Cyrino J E, Mulvaney D R
Departamento de Produção Animal, ESALQ-USP, C.P. 09, Piracicaba, SP, Brazil.
Rev Bras Biol. 1999 Aug;59(3):517-25. doi: 10.1590/s0034-71081999000300017.
Bioassays were performed to assess the effects of different levels of growth medium supplementation with fetal bovine serum (FBS), fish fry extract (FE), combinations of FBS and FE, and addition of insulin-like growth factor I (IGF-I) and fibroblast growth factor (FGF) on the proliferation of brown bullhead catfish cells (BB line). Treatments (n = 4) were: 2.5, 5, 10, and 15.0% FBS or FE and 5/2.5, 5/5, 10/2.5, and 10/5 of a FBS/FE combination as supplement to the growth medium, or the addition of 0.1, 1, 2.5, 10, 25, and 75 ng/ml of either IGF-I or FGF to the growth media. Initial cell density was 1.1 x 10(6) cells per well on uncoated 24-well plates. Incubation temperature was 29.5 +/- 0.7 degrees C. Six hours after plating, initial culture medium was removed, plates rinsed with Dulbecco's phosphate buffered saline, treatment media added, and cells allowed to proliferate for 24 hours. Another bioassay was performed with rat myoblast omega cells (RMo) using the same levels of growth medium supplemented with FBS, FE and FBS/FE. Base growth medium was Dulbecco's MEM. The initial cell density was 7.2 x 10(6) cells per well, and the bioassay was carried out at 36.0 +/- 0.5 degrees C, on a 95% air, 5% CO2 incubator. Increasing levels of FBS had a positive effect (P < 0.05) on the proliferation of both BB and RMo cells. Increasing levels of FE had a negative effect (P < 0.05) on the proliferation of BB cells and totally inhibited the proliferation of RMo cells at any level of supplementation. Higher levels of FE on the FBS/FE combinations presented a negative effect on the proliferation of both BB and RMo cells (P < 0.05). Insulin-like growth factor I had a positive quadratic effect (P < 0.05) on the proliferation of BB cells. Apparently, mammalian growth factors slightly stimulated mitogenic activity in fish cells, while FE contained factors which inhibited the mitogenic activity of RMo and BB cell lines.

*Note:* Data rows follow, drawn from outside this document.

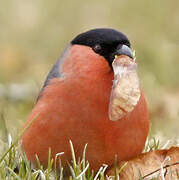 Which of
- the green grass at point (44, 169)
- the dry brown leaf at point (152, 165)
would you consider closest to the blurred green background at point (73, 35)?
the green grass at point (44, 169)

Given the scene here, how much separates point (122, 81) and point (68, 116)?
35 centimetres

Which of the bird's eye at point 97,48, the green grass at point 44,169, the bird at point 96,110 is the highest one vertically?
the bird's eye at point 97,48

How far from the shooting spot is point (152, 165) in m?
3.69

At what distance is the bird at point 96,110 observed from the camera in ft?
11.9

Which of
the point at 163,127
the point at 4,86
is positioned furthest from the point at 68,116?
the point at 4,86

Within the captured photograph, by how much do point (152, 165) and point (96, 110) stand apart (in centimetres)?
43

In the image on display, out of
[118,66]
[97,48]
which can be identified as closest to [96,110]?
[118,66]

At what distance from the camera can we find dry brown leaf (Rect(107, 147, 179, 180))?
359cm

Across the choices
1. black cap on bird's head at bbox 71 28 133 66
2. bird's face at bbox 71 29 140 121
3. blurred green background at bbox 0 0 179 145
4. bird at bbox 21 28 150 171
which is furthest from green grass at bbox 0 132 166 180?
blurred green background at bbox 0 0 179 145

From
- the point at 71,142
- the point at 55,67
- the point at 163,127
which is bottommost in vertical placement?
the point at 163,127

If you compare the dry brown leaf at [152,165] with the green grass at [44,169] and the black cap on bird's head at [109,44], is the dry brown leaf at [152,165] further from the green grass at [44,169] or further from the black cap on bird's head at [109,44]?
the black cap on bird's head at [109,44]

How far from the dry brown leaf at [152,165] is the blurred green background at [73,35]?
85.4 inches

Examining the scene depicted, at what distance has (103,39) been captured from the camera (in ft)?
12.3

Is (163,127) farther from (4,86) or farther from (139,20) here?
(139,20) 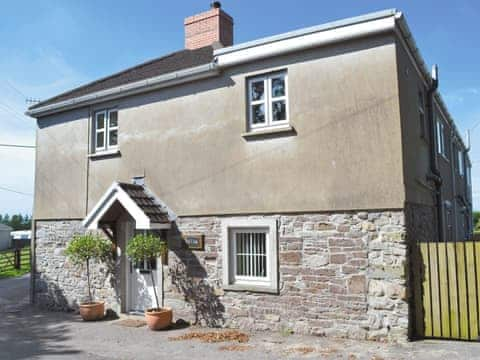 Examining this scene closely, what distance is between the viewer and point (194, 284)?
10.3 meters

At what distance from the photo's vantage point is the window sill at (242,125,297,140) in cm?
928

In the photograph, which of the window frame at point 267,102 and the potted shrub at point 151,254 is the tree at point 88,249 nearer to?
the potted shrub at point 151,254

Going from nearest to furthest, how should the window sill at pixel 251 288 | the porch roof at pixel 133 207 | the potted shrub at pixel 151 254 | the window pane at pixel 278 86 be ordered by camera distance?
the window sill at pixel 251 288, the window pane at pixel 278 86, the potted shrub at pixel 151 254, the porch roof at pixel 133 207

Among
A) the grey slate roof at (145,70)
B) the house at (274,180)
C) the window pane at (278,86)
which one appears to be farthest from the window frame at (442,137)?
the grey slate roof at (145,70)

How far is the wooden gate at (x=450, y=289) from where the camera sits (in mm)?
8023

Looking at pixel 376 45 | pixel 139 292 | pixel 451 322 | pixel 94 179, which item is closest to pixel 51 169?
pixel 94 179

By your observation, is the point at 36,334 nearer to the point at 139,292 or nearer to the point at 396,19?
the point at 139,292

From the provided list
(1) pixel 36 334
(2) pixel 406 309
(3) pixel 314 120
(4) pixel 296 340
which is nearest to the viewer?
(2) pixel 406 309

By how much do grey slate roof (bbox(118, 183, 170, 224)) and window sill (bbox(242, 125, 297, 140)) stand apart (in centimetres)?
282

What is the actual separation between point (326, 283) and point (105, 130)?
7.58 metres

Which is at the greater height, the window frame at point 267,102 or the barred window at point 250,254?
the window frame at point 267,102

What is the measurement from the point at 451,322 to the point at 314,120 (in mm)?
4687

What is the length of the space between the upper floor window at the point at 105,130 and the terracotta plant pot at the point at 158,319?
4817mm

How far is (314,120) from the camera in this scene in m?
9.11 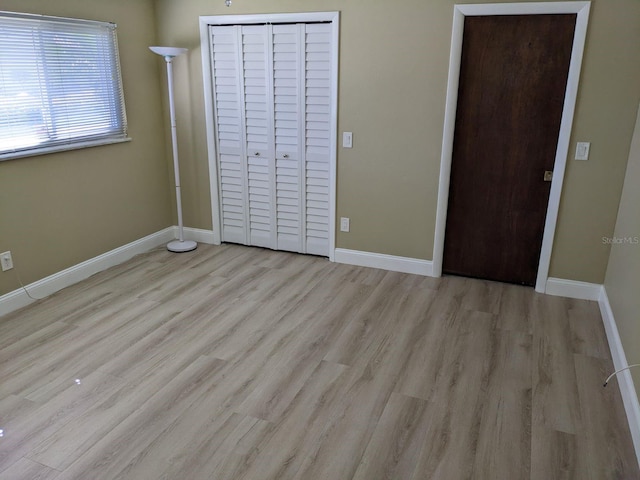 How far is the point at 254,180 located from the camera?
15.2 ft

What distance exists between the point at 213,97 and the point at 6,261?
215 centimetres

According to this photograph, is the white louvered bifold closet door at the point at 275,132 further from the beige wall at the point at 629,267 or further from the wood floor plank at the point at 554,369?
the beige wall at the point at 629,267

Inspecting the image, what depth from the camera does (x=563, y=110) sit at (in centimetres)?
350

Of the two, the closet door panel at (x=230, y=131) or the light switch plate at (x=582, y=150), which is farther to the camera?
the closet door panel at (x=230, y=131)

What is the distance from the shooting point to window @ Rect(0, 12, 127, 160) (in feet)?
10.9

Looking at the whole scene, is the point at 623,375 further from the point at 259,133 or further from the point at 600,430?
the point at 259,133

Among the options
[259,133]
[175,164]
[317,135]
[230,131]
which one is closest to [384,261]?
[317,135]

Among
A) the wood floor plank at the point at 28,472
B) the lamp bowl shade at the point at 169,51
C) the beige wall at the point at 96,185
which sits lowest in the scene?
the wood floor plank at the point at 28,472

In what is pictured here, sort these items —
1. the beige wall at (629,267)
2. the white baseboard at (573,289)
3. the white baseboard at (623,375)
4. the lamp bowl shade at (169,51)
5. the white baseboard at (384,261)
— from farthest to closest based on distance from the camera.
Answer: the white baseboard at (384,261) → the lamp bowl shade at (169,51) → the white baseboard at (573,289) → the beige wall at (629,267) → the white baseboard at (623,375)

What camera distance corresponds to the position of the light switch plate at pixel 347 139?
13.5 feet

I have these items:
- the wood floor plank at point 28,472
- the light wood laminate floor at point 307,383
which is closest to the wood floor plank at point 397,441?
the light wood laminate floor at point 307,383

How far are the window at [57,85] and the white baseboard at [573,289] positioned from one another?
3.70 m

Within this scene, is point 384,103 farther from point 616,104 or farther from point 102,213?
point 102,213

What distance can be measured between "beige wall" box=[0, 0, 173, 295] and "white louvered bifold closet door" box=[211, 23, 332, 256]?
0.61 m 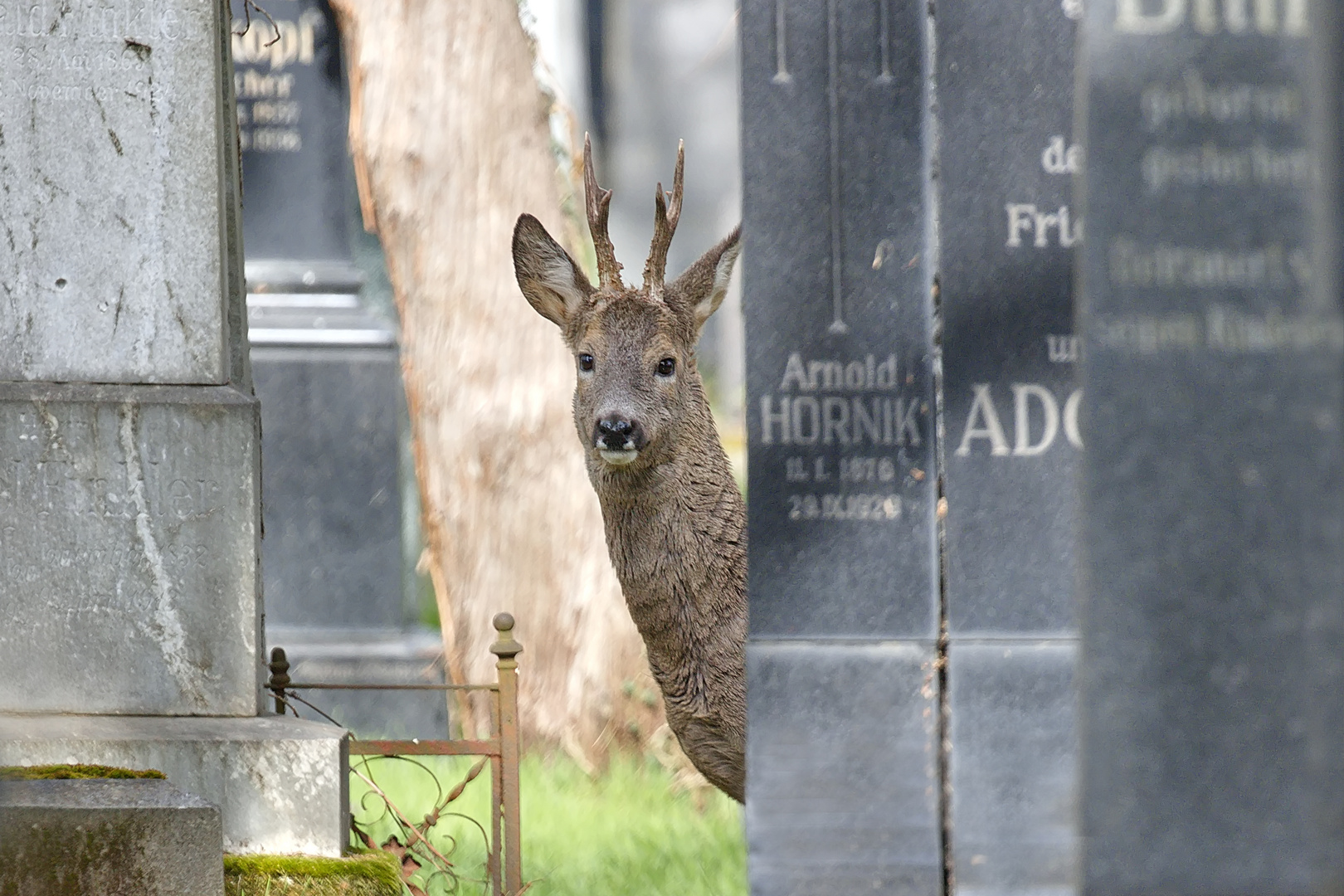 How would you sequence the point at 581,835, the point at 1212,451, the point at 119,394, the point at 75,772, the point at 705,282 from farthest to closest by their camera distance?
the point at 581,835 → the point at 705,282 → the point at 119,394 → the point at 75,772 → the point at 1212,451

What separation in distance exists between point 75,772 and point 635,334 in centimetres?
212

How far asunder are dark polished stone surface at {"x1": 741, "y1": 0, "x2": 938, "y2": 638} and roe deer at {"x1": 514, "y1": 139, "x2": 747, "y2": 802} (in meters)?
0.72

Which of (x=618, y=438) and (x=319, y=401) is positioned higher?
(x=319, y=401)

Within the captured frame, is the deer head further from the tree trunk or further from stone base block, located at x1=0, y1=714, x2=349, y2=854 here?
the tree trunk

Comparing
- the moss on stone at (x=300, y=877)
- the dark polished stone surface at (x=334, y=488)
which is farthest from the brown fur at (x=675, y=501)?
the dark polished stone surface at (x=334, y=488)

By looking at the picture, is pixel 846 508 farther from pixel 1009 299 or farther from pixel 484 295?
pixel 484 295

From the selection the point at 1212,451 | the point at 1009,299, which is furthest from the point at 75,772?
the point at 1212,451

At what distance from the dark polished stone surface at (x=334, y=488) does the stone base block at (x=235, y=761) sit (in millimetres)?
4195

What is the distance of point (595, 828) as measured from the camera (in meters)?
6.95

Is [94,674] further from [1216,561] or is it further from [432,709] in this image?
[432,709]

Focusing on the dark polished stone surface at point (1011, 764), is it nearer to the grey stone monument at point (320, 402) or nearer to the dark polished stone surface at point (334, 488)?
the grey stone monument at point (320, 402)

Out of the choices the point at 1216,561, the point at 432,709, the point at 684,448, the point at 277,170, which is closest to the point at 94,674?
the point at 684,448

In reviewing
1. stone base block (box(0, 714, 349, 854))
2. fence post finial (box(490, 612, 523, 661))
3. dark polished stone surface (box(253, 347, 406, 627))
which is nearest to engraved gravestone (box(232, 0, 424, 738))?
dark polished stone surface (box(253, 347, 406, 627))

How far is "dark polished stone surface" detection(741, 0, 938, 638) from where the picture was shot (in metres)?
4.30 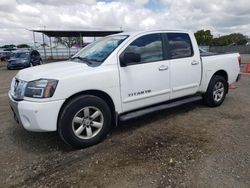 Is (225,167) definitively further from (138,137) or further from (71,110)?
(71,110)

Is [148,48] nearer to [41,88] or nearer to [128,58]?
[128,58]

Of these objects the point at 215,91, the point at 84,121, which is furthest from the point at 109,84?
the point at 215,91

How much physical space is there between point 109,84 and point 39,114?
45.2 inches

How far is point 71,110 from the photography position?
11.6 ft

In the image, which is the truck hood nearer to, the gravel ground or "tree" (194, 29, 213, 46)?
the gravel ground

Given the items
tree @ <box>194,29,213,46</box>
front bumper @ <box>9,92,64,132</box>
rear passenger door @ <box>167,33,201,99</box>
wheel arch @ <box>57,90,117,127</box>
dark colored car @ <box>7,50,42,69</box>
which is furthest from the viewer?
tree @ <box>194,29,213,46</box>

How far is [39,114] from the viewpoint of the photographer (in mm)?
3336

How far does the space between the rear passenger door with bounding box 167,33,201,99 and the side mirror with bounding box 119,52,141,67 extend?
3.11ft

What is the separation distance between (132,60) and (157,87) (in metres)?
0.80

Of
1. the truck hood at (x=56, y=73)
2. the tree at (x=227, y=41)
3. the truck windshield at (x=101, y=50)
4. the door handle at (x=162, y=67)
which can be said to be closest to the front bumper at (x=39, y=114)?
the truck hood at (x=56, y=73)

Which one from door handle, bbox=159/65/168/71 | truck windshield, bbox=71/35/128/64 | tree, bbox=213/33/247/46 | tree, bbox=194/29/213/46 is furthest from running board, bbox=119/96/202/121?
tree, bbox=213/33/247/46

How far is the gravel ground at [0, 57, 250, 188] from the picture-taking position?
9.55 feet

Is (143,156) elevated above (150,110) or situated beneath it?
situated beneath

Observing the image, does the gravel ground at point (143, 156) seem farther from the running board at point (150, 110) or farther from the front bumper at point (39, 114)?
the front bumper at point (39, 114) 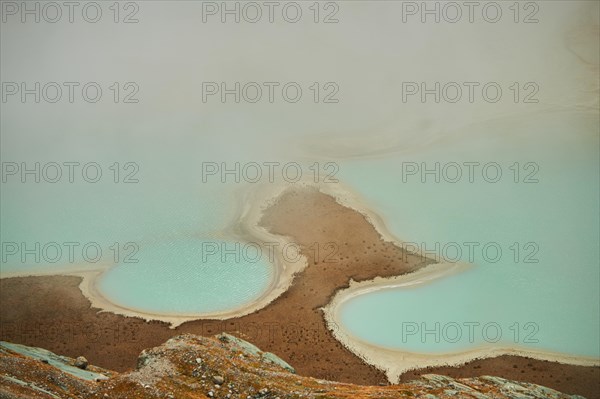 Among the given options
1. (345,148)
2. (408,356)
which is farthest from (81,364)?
(345,148)

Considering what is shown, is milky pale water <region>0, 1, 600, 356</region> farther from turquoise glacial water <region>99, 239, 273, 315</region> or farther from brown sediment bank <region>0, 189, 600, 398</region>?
brown sediment bank <region>0, 189, 600, 398</region>

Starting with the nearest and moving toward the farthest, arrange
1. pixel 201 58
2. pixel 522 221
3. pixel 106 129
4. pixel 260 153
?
pixel 522 221, pixel 260 153, pixel 106 129, pixel 201 58

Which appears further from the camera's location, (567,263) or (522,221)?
(522,221)

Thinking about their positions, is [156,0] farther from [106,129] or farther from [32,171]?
[32,171]

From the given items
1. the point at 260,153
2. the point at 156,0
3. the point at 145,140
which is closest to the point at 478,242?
the point at 260,153

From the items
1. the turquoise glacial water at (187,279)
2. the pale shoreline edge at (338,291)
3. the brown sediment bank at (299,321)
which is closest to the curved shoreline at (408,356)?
the pale shoreline edge at (338,291)

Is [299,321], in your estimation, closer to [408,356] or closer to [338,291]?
[338,291] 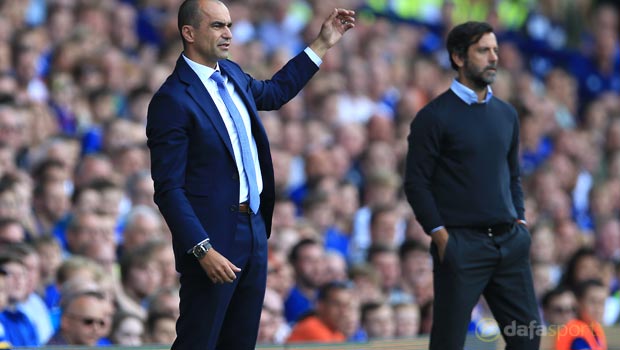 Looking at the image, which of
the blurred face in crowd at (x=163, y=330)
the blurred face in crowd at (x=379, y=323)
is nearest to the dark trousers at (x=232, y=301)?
the blurred face in crowd at (x=163, y=330)

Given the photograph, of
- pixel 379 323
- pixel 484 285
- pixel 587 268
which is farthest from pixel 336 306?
pixel 484 285

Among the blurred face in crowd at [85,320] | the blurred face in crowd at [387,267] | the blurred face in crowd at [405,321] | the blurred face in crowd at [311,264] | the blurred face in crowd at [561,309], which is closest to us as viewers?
the blurred face in crowd at [85,320]

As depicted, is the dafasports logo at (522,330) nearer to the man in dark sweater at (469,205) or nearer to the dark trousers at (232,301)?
the man in dark sweater at (469,205)

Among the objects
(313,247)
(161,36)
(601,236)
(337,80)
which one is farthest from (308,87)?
(313,247)

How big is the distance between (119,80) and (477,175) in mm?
6204

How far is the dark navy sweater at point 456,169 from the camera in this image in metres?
5.50

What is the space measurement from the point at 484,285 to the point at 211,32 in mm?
1773

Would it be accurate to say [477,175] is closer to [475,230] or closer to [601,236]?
[475,230]

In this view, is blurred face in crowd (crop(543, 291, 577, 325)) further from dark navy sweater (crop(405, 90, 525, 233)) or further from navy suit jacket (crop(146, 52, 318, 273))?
navy suit jacket (crop(146, 52, 318, 273))

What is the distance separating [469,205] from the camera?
550cm

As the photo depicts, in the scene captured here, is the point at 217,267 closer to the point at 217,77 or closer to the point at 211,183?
the point at 211,183

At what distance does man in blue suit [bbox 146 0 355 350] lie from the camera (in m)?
4.55

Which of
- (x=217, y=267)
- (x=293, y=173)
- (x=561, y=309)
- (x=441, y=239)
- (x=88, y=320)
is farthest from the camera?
(x=293, y=173)

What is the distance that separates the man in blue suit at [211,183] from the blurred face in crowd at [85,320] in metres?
2.24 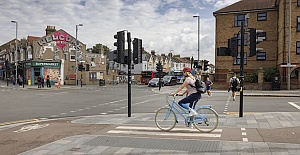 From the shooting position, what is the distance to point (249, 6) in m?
40.8

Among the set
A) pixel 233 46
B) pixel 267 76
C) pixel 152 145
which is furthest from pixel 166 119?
pixel 267 76

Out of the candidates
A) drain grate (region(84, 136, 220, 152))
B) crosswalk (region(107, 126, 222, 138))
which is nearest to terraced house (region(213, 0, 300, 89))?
crosswalk (region(107, 126, 222, 138))

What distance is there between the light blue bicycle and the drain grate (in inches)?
48.5

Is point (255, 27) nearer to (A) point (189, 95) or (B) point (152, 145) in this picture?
(A) point (189, 95)

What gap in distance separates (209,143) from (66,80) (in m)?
47.0

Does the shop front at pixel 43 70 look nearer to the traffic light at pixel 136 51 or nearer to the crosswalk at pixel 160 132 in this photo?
the traffic light at pixel 136 51

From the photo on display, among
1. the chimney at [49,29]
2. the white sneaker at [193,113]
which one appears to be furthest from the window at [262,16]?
the white sneaker at [193,113]

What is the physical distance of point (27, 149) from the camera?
7.09 meters

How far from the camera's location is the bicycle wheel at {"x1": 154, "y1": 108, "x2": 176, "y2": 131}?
878 centimetres

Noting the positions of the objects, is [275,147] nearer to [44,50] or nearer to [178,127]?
[178,127]

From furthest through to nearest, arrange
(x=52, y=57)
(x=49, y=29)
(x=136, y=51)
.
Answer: (x=49, y=29) → (x=52, y=57) → (x=136, y=51)

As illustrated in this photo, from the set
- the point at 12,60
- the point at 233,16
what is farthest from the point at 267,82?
the point at 12,60

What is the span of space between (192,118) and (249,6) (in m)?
35.5

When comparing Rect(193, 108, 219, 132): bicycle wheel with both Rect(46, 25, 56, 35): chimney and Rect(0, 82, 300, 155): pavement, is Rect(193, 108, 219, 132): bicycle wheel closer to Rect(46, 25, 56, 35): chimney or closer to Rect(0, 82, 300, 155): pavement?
Rect(0, 82, 300, 155): pavement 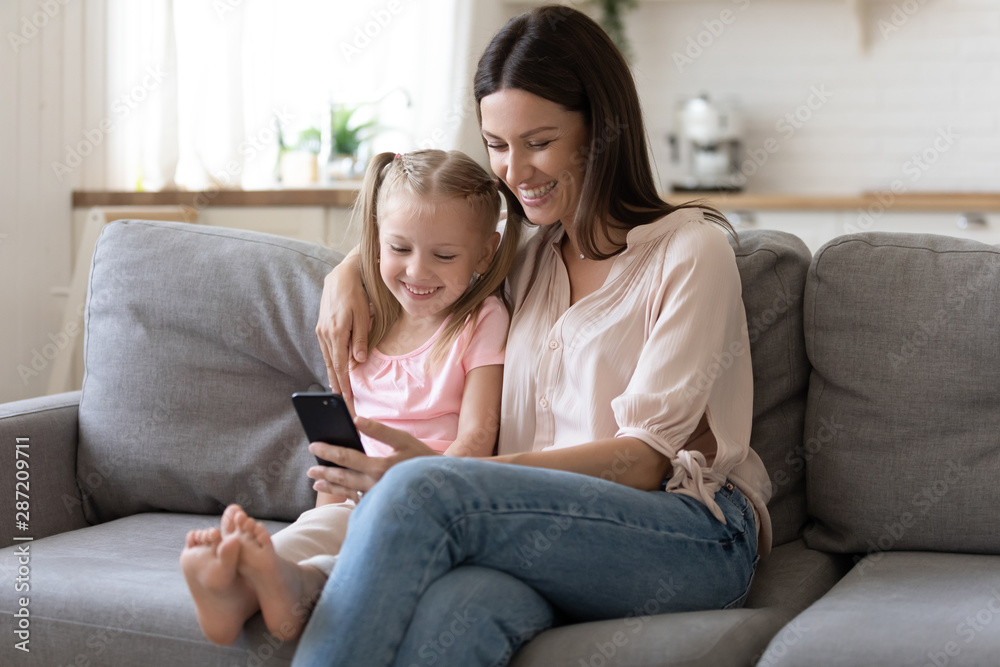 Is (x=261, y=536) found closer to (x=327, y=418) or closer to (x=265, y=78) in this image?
(x=327, y=418)

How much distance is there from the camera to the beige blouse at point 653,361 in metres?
1.35

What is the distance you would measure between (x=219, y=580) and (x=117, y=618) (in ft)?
0.97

进行了生物测定,以评估不同水平的添加胎牛血清(FBS)、鱼苗提取物(FE)、FBS与FE的组合以及添加胰岛素样生长因子I(IGF-I)和成纤维细胞生长因子(FGF)的生长培养基对褐首鲶细胞(BB系)增殖的影响。处理组(n = 4)为:2.5%、5%、10%和15.0%的FBS或FE,以及5/2.5、5/5、10/2.5和10/5的FBS/FE组合作为生长培养基的补充剂,或者向生长培养基中添加0.1、1、2.5、10、25和75 ng/ml的IGF-I或FGF。初始细胞密度为每孔1.1×10⁶个细胞,接种于未包被的24孔板中。孵育温度为29.5±0.7℃。接种6小时后,去除初始培养基,用杜氏磷酸盐缓冲盐水冲洗平板,加入处理培养基,使细胞增殖24小时。使用相同水平添加FBS、FE和FBS/FE的生长培养基对大鼠成肌细胞ω细胞(RMo)进行了另一项生物测定。基础生长培养基为杜氏MEM培养基。初始细胞密度为每孔7.2×10⁶个细胞,生物测定在36.0±0.5℃的95%空气、5%二氧化碳培养箱中进行。FBS水平的增加对BB和RMo细胞的增殖有积极影响(P < 0.05)。FE水平的增加对BB细胞的增殖有负面影响(P < 0.05),并且在任何补充水平下都完全抑制了RMo细胞的增殖。FBS/FE组合中较高水平的FE对BB和RMo细胞的增殖均有负面影响(P < 0.05)。胰岛素样生长因子I对BB细胞的增殖有正二次效应(P < 0.05)。显然,哺乳动物生长因子对鱼类细胞的有丝分裂活性有轻微刺激作用,而FE含有抑制RMo和BB细胞系有丝分裂活性的因子。